Whereas the United States has a proud history of recognizing
and condemning the Armenian Genocide, the killing of
1.5 million Armenians by the Ottoman Empire from
1915 to 1923, and providing relief to the survivors of the
campaign of genocide against Armenians, Greeks, Assyrians,
Chaldeans, Syriacs, Arameans, Maronites, and other
Christians;
Whereas the Honorable Henry Morgenthau, United States
Ambassador to the Ottoman Empire from 1913 to 1916,
organized and led protests by officials of many countries
against what he described as the empire’s “campaign of
race extermination”, and was instructed on July 16,
1915, by United States Secretary of State Robert
Lansing that the “Department approves your procedure ...
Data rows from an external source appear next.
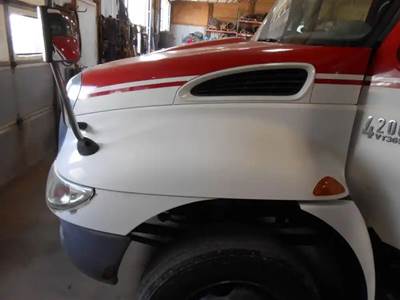 International 4200 Hood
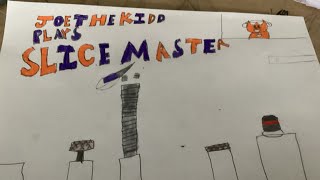 Famous Playing Slice Master Part 6 Wealth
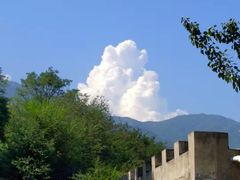-北京鹫峰国家森林公园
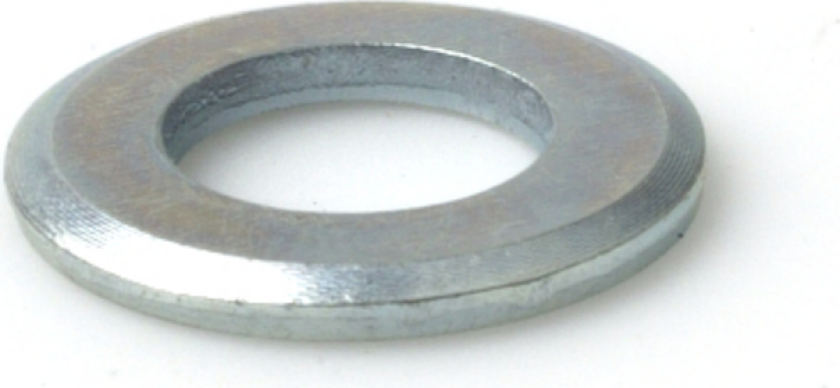 Bilde av EL-M24 UNDERLAGSSKIVE D125B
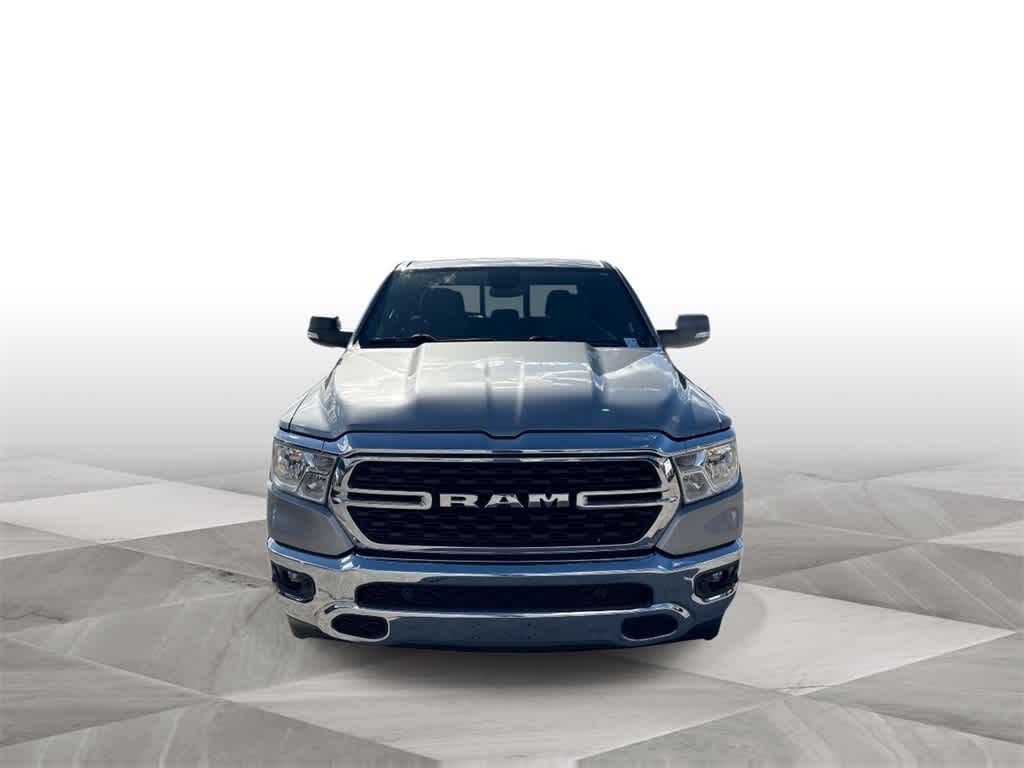 Thumbnail: 2022 RAM 1500 - 3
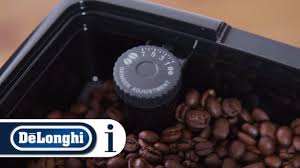 Check spelling or type a new query. How To Make Coffee Using Coffee Beans In Your De Longhi Dinamica Ecam 350 15 B Coffee Machine Youtube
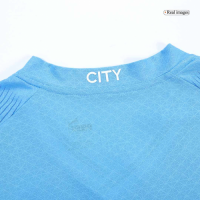 Manchester City Home Jersey Player Edition 2023/24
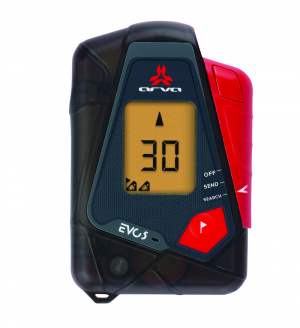 Gewinne ein LVS von Arva!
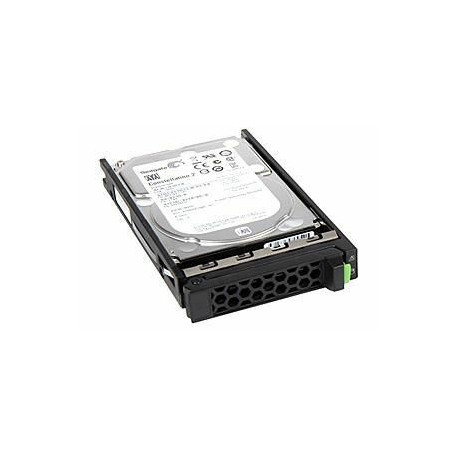 Fujitsu 1TB SATA HDD 6G 7.2K 2.5in Reference: S26361-F3816-L100 [Refurbished]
to stop Armenian persecution”;
Whereas President Woodrow Wilson encouraged the formation
of the Near East Relief, chartered by an Act of Congress,
which raised $116,000,000 (over $2,500,000,000
in 2019 dollars) between 1915 and 1930, and the Senate
adopted resolutions condemning these massacres;
Whereas Raphael Lemkin, who coined the term “genocide” in
1944, and who was the earliest proponent of the United
Nations Convention on the Prevention and Punishment
of Genocide, invoked the Armenian case as a definitive
example of genocide in the 20th century;
Whereas, as displayed in the United States Holocaust
Memorial Museum, Adolf Hitler, on ordering his military
commanders to attack Poland without provocation in 1939,
dismissed objections by saying “Who, after all, speaks
today of the annihilation of the Armenians?”, setting the
stage for the Holocaust;
Whereas the United States has officially recognized the
Armenian Genocide, through the United States Government’s
May 28, 1951, written statement to the International
Court of Justice regarding the Convention on
the Prevention and Punishment of the Crime of Genocide,
through President Ronald Reagan’s Proclamation
No. 4838 on April 22, 1981, and by House Joint
Resolution 148, adopted on April 8, 1975, and House Joint
Resolution 247, adopted on September 10, 1984; and
Whereas the Elie Wiesel Genocide and Atrocities Prevention
Act of 2018 (Public Law 115–441) establishes that
atrocities prevention represents a United States national
interest, and affirms that it is the policy of the United
States to pursue a United States Government-wide strategy
to identify, prevent, and respond to the risk of atrocities
by “strengthening diplomatic response and the effective use
of foreign assistance to support appropriate transitional
justice measures, including criminal accountability,
for past atrocities”: Now, therefore, be it
Resolved, That it is the sense of the House of Representatives
that it is the policy of the United States to—
(1) commemorate the Armenian Genocide
through official recognition and remembrance;
(2) reject efforts to enlist, engage, or otherwise
associate the United States Government with denial
of the Armenian Genocide or any other genocide; and
(3) encourage education and public understanding
of the facts of the Armenian Genocide,
including the United States role in the humanitarian
relief effort, and the relevance of the Armenian
Genocide to modern-day crimes against humanity.